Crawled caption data
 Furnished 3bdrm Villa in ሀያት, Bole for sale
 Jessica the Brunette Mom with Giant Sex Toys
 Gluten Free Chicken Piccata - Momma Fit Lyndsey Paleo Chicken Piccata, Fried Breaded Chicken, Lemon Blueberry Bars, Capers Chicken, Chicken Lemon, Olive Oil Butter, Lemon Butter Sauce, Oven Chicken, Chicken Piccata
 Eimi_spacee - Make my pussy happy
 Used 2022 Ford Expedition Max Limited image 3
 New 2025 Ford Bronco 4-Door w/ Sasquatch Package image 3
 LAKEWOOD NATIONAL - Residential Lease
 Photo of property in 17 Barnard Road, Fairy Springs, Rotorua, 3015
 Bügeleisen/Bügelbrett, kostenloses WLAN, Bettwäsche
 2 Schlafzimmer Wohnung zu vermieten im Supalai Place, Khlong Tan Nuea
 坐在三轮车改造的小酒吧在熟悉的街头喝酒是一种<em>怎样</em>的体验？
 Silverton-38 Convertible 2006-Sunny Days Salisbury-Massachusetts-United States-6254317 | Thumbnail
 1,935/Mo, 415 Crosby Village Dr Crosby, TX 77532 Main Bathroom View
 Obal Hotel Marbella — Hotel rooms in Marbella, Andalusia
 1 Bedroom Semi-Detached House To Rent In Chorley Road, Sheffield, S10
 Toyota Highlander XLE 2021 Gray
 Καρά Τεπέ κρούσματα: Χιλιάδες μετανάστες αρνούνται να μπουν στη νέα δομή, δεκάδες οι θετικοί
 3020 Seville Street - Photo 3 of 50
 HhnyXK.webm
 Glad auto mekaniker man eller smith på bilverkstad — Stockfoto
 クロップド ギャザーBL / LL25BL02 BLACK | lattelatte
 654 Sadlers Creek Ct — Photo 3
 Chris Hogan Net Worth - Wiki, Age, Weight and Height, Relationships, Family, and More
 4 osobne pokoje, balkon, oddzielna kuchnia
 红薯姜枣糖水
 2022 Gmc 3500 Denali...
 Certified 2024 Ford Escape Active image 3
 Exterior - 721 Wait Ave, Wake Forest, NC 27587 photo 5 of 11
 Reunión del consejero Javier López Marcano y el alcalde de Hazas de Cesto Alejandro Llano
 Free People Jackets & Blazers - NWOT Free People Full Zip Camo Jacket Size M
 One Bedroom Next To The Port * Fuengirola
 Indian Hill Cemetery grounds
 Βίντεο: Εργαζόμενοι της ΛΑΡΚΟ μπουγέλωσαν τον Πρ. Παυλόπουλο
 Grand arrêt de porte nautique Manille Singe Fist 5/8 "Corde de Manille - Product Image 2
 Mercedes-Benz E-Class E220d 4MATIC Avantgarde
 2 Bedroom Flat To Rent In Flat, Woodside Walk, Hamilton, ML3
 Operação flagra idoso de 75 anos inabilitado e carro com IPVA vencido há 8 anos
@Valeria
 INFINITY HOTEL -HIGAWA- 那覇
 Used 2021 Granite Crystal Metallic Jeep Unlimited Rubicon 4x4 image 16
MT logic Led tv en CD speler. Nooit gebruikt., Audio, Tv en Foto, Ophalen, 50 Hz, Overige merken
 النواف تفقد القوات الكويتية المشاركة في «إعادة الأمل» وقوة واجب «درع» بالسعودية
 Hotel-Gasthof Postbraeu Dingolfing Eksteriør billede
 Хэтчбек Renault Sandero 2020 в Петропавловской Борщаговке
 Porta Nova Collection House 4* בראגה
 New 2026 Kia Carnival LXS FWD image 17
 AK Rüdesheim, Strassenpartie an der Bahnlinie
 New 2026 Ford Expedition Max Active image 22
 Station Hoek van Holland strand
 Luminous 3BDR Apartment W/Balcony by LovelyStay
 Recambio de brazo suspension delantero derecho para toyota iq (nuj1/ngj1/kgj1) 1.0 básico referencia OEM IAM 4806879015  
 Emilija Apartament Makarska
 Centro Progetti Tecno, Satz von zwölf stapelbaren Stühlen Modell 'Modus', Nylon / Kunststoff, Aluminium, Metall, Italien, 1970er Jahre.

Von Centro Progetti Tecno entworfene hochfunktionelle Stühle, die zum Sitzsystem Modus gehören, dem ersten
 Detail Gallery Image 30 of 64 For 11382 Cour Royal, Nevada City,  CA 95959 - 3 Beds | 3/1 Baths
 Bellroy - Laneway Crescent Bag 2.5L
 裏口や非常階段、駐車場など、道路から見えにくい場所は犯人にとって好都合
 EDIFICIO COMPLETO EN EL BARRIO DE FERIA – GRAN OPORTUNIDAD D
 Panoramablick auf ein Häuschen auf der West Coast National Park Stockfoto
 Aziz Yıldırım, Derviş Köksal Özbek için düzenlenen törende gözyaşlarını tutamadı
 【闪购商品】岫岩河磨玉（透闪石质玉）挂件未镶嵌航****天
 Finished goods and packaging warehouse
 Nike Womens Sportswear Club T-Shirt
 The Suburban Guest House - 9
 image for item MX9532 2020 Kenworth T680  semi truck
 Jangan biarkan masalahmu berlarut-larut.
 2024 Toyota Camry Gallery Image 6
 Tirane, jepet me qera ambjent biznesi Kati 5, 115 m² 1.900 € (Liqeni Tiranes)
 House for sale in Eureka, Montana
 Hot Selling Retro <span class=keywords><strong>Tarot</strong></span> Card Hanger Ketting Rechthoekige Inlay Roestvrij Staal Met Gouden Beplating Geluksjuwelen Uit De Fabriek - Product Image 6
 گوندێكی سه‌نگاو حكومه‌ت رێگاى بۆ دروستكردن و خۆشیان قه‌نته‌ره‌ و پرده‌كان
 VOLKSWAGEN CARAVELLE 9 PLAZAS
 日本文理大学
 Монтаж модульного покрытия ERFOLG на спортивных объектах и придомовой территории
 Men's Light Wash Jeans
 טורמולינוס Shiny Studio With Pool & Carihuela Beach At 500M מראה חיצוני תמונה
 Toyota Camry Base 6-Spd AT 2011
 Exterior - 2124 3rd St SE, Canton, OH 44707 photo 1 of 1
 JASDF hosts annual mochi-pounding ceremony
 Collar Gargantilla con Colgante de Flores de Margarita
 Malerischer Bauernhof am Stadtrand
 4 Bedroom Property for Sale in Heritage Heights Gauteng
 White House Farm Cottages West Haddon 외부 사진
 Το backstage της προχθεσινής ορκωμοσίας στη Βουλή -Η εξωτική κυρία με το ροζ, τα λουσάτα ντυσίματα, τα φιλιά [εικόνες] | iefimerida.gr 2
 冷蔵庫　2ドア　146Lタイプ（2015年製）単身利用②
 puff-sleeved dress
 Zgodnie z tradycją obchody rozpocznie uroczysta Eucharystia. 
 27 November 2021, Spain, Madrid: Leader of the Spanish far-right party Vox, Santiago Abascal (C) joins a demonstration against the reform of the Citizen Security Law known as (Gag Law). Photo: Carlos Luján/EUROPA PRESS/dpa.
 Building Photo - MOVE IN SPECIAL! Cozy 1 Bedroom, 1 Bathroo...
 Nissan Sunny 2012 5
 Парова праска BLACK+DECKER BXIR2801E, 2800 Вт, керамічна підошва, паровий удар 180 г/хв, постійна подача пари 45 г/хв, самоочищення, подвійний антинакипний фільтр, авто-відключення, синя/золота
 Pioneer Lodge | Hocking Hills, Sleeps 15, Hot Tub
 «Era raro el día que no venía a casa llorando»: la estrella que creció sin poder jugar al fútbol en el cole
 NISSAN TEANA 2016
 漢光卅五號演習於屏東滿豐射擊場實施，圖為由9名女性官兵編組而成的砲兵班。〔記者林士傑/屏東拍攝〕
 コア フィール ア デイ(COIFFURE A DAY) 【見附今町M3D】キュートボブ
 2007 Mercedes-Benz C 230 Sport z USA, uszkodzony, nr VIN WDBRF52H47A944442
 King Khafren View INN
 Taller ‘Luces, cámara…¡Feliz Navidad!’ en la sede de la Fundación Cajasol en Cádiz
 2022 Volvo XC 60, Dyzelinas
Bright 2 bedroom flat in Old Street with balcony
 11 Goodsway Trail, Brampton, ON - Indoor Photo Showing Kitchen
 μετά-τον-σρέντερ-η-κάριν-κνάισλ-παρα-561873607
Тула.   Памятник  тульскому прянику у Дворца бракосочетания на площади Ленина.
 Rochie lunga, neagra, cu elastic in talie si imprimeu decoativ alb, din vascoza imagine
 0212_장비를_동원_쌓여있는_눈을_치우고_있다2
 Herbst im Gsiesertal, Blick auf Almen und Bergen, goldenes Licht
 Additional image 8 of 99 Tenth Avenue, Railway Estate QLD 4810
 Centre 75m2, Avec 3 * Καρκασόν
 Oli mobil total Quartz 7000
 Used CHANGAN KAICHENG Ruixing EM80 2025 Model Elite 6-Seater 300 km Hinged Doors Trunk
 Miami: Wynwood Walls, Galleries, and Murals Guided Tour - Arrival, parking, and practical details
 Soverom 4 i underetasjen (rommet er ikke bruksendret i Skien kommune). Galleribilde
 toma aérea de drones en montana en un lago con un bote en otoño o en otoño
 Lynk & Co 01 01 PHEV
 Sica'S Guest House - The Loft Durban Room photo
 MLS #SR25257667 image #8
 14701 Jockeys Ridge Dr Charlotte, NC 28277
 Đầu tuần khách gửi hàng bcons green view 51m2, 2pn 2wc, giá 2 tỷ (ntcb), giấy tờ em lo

Exercise brief:
Could you retype exactly the lines from the one containing "Soverom 4 i" through the final line of the data above, and no others?

Answer box:
 Soverom 4 i underetasjen (rommet er ikke bruksendret i Skien kommune). Galleribilde
 toma aérea de drones en montana en un lago con un bote en otoño o en otoño
 Lynk & Co 01 01 PHEV
 Sica'S Guest House - The Loft Durban Room photo
 MLS #SR25257667 image #8
 14701 Jockeys Ridge Dr Charlotte, NC 28277
 Đầu tuần khách gửi hàng bcons green view 51m2, 2pn 2wc, giá 2 tỷ (ntcb), giấy tờ em lo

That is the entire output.